How important is agriculture to your family? Agriculture is about one third of my income. You have to look at the cumulative value of everything you do on the land. Management decisions you make now will make a difference 30 years from now. It all adds up, whichever direction you go. At an early age I learned the cause and effect of different land management practices. These first-hand lessons I learned from the land stimulated my desire to learn more and be diversified in my management. I apply land management practices that are practical, using common sense. I don’t do things because they are what somebody else thinks might be good. I do things because they work on this land, and that’s what makes the difference.
What makes ranching in West Texas so unique? The only constant is inconsistency with the weather and markets.
Do you feel like there is enough emphasis on agriculture in K-12 education? There needs to be a much greater attention on ag, but it must be taught by qualified and experienced teachers.

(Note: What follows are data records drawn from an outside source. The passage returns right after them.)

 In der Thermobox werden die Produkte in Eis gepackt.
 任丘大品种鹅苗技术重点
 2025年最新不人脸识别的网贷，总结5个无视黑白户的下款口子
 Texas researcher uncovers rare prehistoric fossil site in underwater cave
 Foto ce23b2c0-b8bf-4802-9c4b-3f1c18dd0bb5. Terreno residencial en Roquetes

Who did you learn the most from along the way? By college age, I was intrigued by the land so I enrolled in Texas Christian University’s two-year Ranch Management program. TCU Professor Chip Merrill inspired me to try new things and not be afraid to try something different. I approached the resource management of the ranch using a short-term reactionary response to changing forage, production, and anticipated market condition. My long-term management is of a continuing upward trend in success of native forage. I feel like we can utilize our current management methods and maintain, or in areas of need, improve the productivity of this ranch in an economically and environmentally sustainable manner.
Thank you Rooter!
This September, Mr. John Treadwell will share with us his story on “Why I Ranch”.
John ranches in Tom Green, Menard, and Schleicher counties. John is the recipient of the 2006 Statewide Lone Star Land Steward and Leopold Conservation awards. John has a mix of sheep and cattle on his operation and holds resource stewardship at the top of his priorities.

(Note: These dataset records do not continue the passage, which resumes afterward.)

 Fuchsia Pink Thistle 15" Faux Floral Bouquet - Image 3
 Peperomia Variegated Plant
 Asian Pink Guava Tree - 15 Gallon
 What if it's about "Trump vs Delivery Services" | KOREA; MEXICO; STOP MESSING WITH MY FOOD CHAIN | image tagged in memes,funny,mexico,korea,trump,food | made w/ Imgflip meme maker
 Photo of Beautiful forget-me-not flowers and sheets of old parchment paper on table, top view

How did you get your start in ranching? I grew up as an unpaid cowboy during the peak of the screwworm infestation. Getting rid of those flies is one thing the Government did correctly. Later, after college and the Navy, I got a lot of pleasure from gardening, producing food for my family and neighbors when I lived in Dallas and gardening was also a stress reducer from my corporate job. Years later, after I sold my business, my son Brian asked me to assist him in his guiding/outfitting hunting business based on the family’s 4000 acre ranch in West Texas. We soon outgrew the home ranch and needed to lease other properties for hunting, but were appalled at the condition of the available ranches. We decided to look for a block of land that would enable us to manage the deer, quail and turkey populations to ensure sustainable and controllable numbers for our hunting operation. He eventually found two adjoining ranching properties for sale and we had 8000 acres in Eastern Menard County. Hunting alone would not float the note so we added cattle and began dividing the existing pastures to apply our version of high intensity/short duration rotation system so that we could bank grazing and would not need to feed our stock during the winter.

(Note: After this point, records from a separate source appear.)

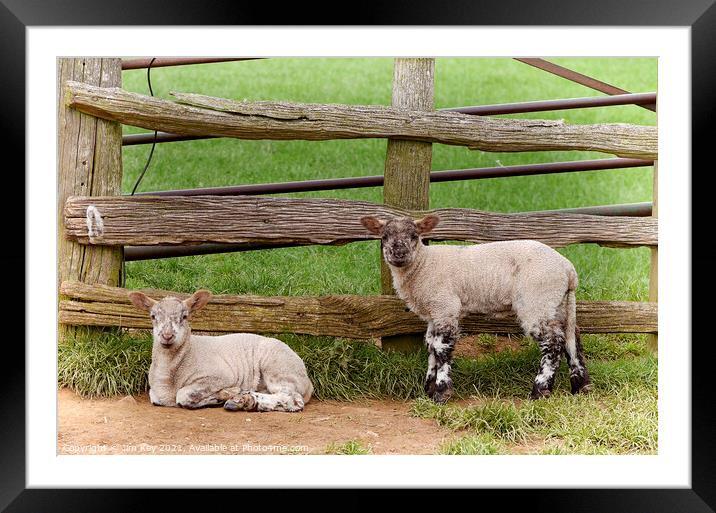 Two Lambs Farmers Gate Framed Mounted Print by Jim Key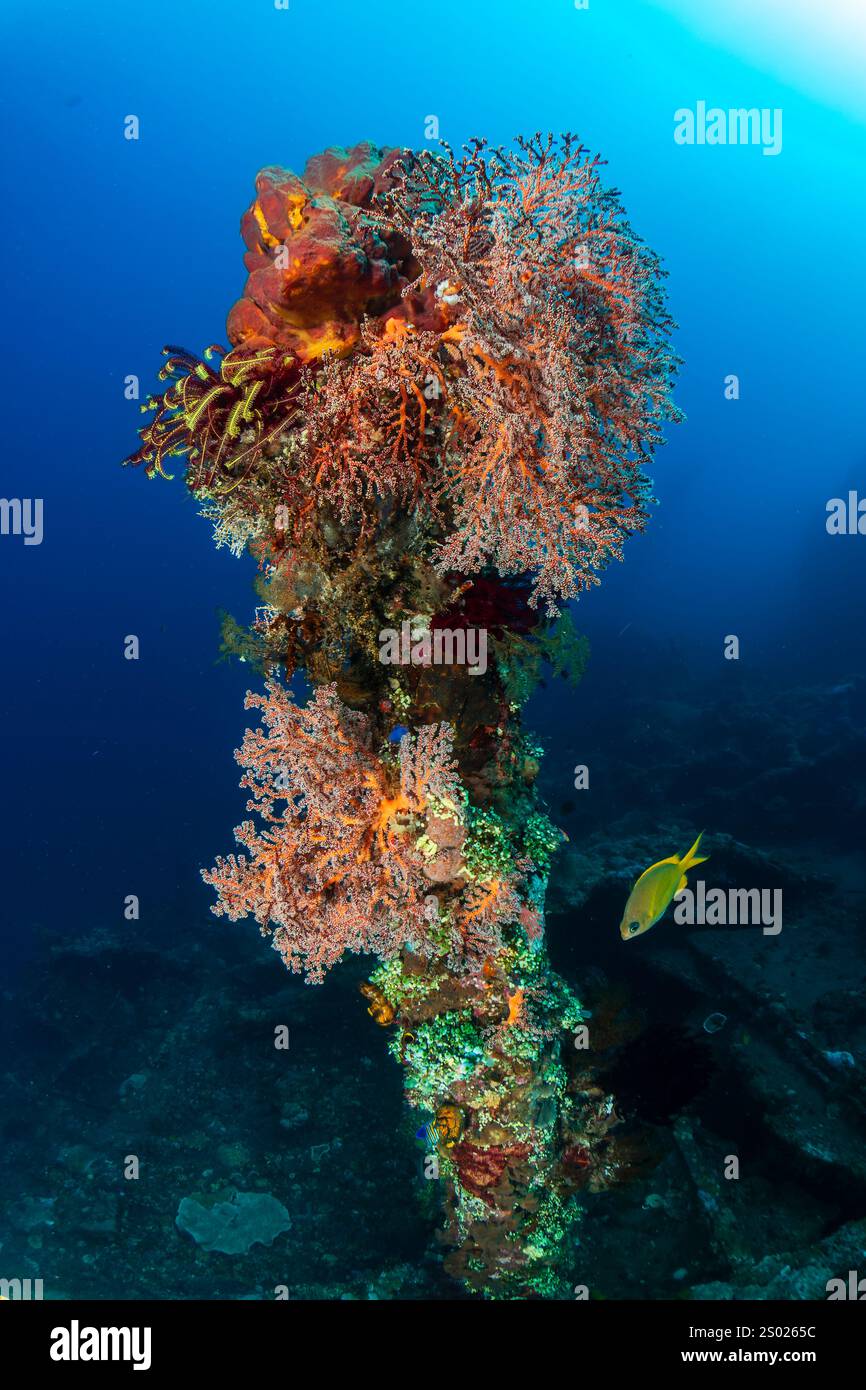 Poissons tropicaux et coraux délicats sur un vieux naufrage sous-marin Banque D'Images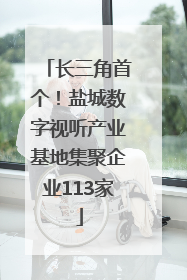 长三角首个！盐城数字视听产业基地集聚企业113家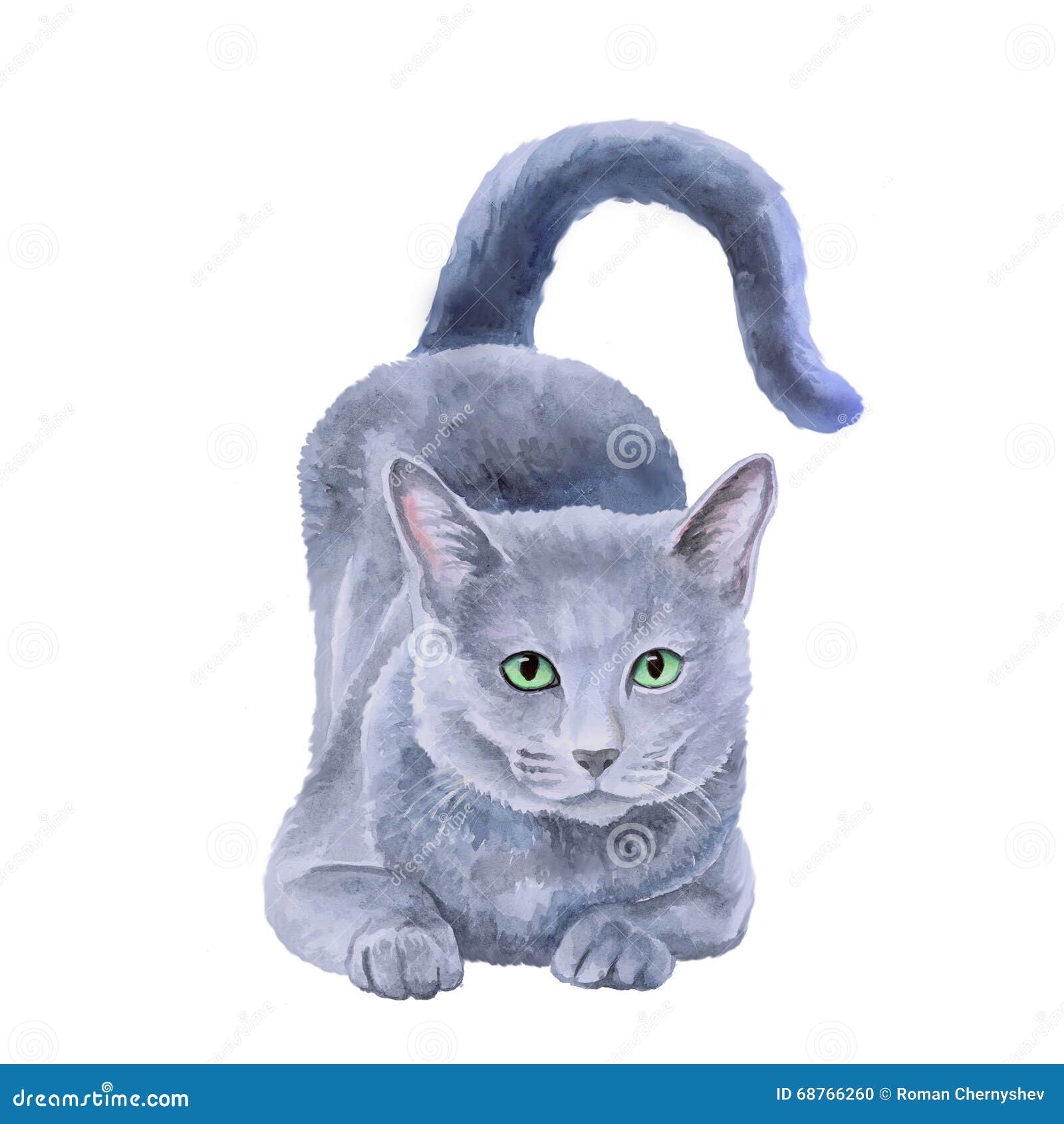 images Azul Ruso Pelo Largo Nebelung Azul Ruso Pelo Largo Gato Gris Raza dreamstime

How important is agriculture to your family? I think my family is more aware of what goes into the food we consume, and are appreciative of the work we go to in order to produce it. But, a lot of gardening is not fun and the same goes for chickens, sheep and cattle. So often there is recognition but not commitment.
What makes ranching in West Texas so unique? West Texas ranching causes one to be cautious in his planning because nature is so unpredictable and we are so near the desert as far as rainfall’s reliability. We need to be continuously grateful for what we receive because it could easily be worse.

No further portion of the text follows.